After dumping almost five inches of rain yesterday, the storm moved on and today was clear. That allowed me to unload my Hershey purchases. Those included: a tool box; a correct 1915 drive shaft tube; four wheel hubs; two Hayes clincher rims; a Ford oil can; three clevises; a Holley G carburetor; a hub odometer; sixty buffalo nickels for freeze plugs; a pair of valve stem covers; two New Day timer covers; several new small parts from R.V. Anderson and Lang's; a Stewart #1322 speedometer road gear; several small grinding and cleaning tools; another #2335 Ford wrench; a 54" Stewart speedometer cable; a lantern; a clock for my office. The clock turned out to be one of those slave clocks that works off a separate master clock. There's no easy way to set it except to plug it in at just the right time.


Wednesday, October 15, 2014

Today I filed all the receipts from my trip to Hershey, plugged in that clock, and fixed a ground in the roadster that had one of the coils buzzing continuously. I found that one of the terminal screws on the timer was touching the timer control rod, so I put a little compression spring on the rod to keep it away from the screw. That will work until I take time to bend more arch into that end of the rod so it will be even farther from the screw.

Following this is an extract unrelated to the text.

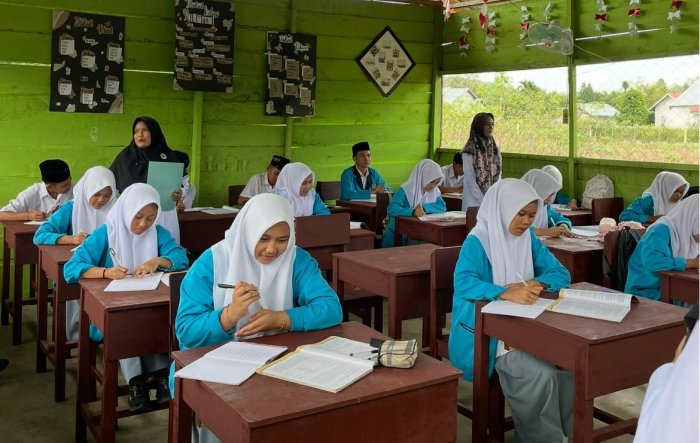 Saat Madrasah Menjadi Tempat Berteduh dan Menata Mimpi di Madrasah Aliyah Negeri 3 Bungo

Thursday, October 16, 2014

I worked on the roadster today,  attempting to get it started again.  It was running well recently, then that grounding problem arose. So today I took the time to bend the timer control rod so it wouldn't touch that terminal on top of the timer, then I reset the timing. But even with the timing set properly and all plugs firing, I couldn't even get it to cough. I'll have to look into the carburetor and see if it's supplying enough fuel. Another job today was packing up and shipping the speedometer
cable I got at Hershey to Arizona. A speedometer specialist there is sending me a correct shorter cable and the correct other  parts to add a 1915 speedometer to the roadster. Except for the cable, everything is unrestored so I can get the experience of doing the work myself, and perhaps learn something, and save a few hundred bucks.  

Friday, October 17, 2014

I worked on the roadster a little more this morning,  but I spent most of the day driving. I took my digital camera with a broken screen to Wichita for repair. I stopped at Lowe's and bought some air fittings that were out of stock here, then came home by way of Winfield expecting to register the new Camry. But no, the law has changed. Before I can register the car it has to be inspected. Inspections are done only for two hours on Tuesdays and two hours on Thursdays. I have to take the car to the Winfield police department and pay $20 cash. Thank you, Kansas legislature, for doing your part to make life interesting.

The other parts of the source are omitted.